An Ivy League, also known as a Harvard Clip or Princeton, is a type of crew cut in which the hair on the top front of the head is long enough to part at the side, while the crown of the head is cut short. The length of the top hair and the degree of graduation shorter, from the front hairline back, varies with the shape of the skull, density and coarseness of the hair, and the styling preferences of the individual: side-parted crew cut, standard crew cut, brushed forward, etc.

On one individual the length and degree of graduation of the top hair might run from one and a half inches at the front hairline, to one half inch at the crown. On another individual, the length and degree of graduation might run from one and a quarter inches at the front hairline to one inch at the crown. The hair on the sides and back of the head is usually tapered short, semi-short, medium. An Ivy League is traditionally groomed with hair control wax commonly referred to as butch wax.

==Styling==
When worn with a side part and with the top hair brushed to the side, an Ivy League can be styled with or without the short bangs being brushed up to form a short pompadour front. Other options include styling it as a standard crew cut or as a forward brush with the short bangs and the rest of the top hair brushed forward.

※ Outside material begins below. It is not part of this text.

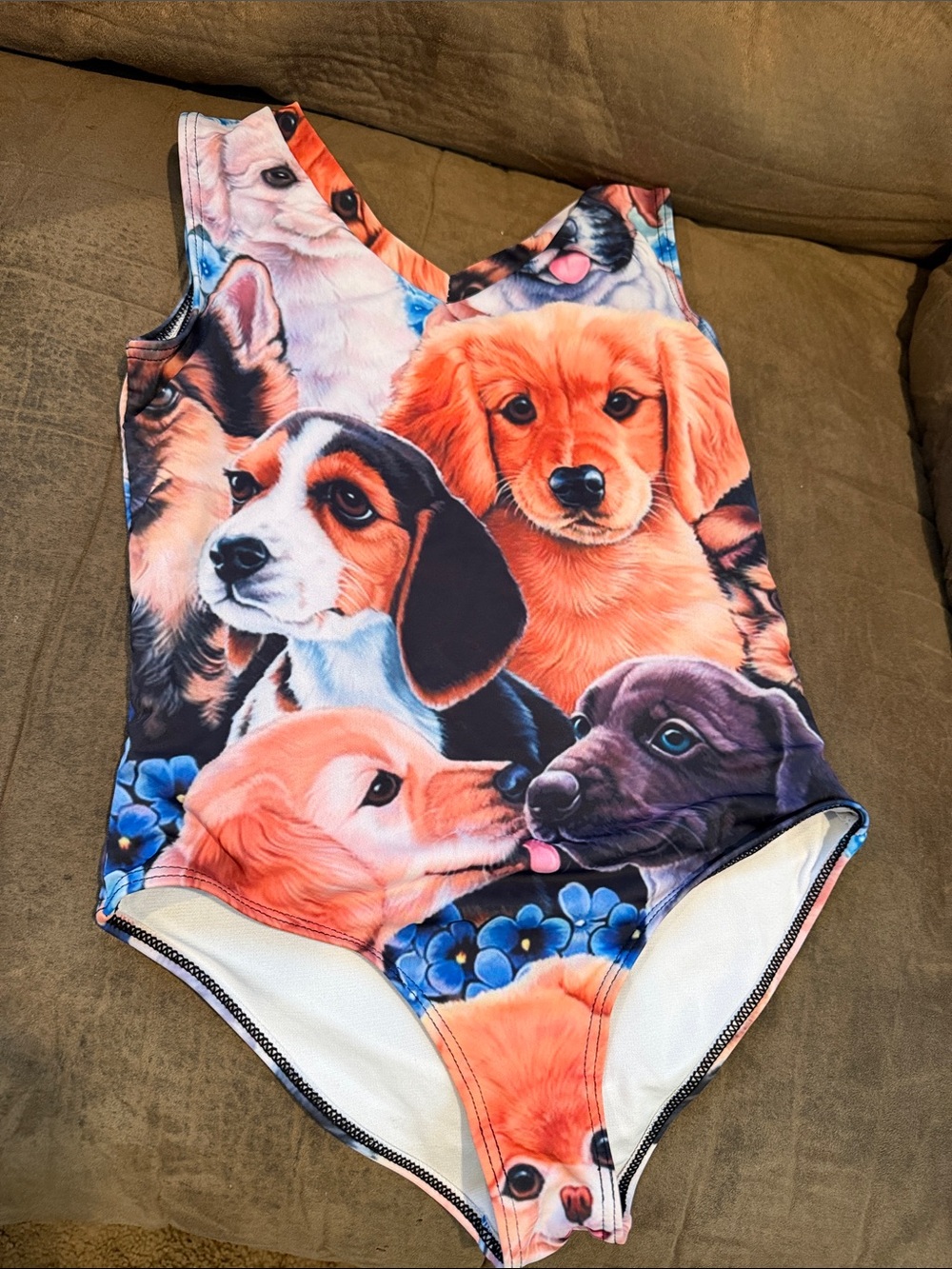 Kids Dog Print Dance Costume Leotard - Orange Multicolor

An Ivy League and a forward brush are similar length haircuts with the difference being that a forward brush is specifically designed to be worn with the short bangs and top hair brushed forward. A haircut such as an Ivy League, that is designed to be brushed to more than one style may be referred to as a convertible hair cut.

==See also==
- List of hairstyles
- Butch cut
- Buzz cut
- Crew cut
- Flattop
- Regular haircut

== Bibliography ==
- Thorpe, S.C. (1967). "Practice and Science of Standard Barbering"
- Trusty, L. Sherman (1971). "The Art and Science of Barbering"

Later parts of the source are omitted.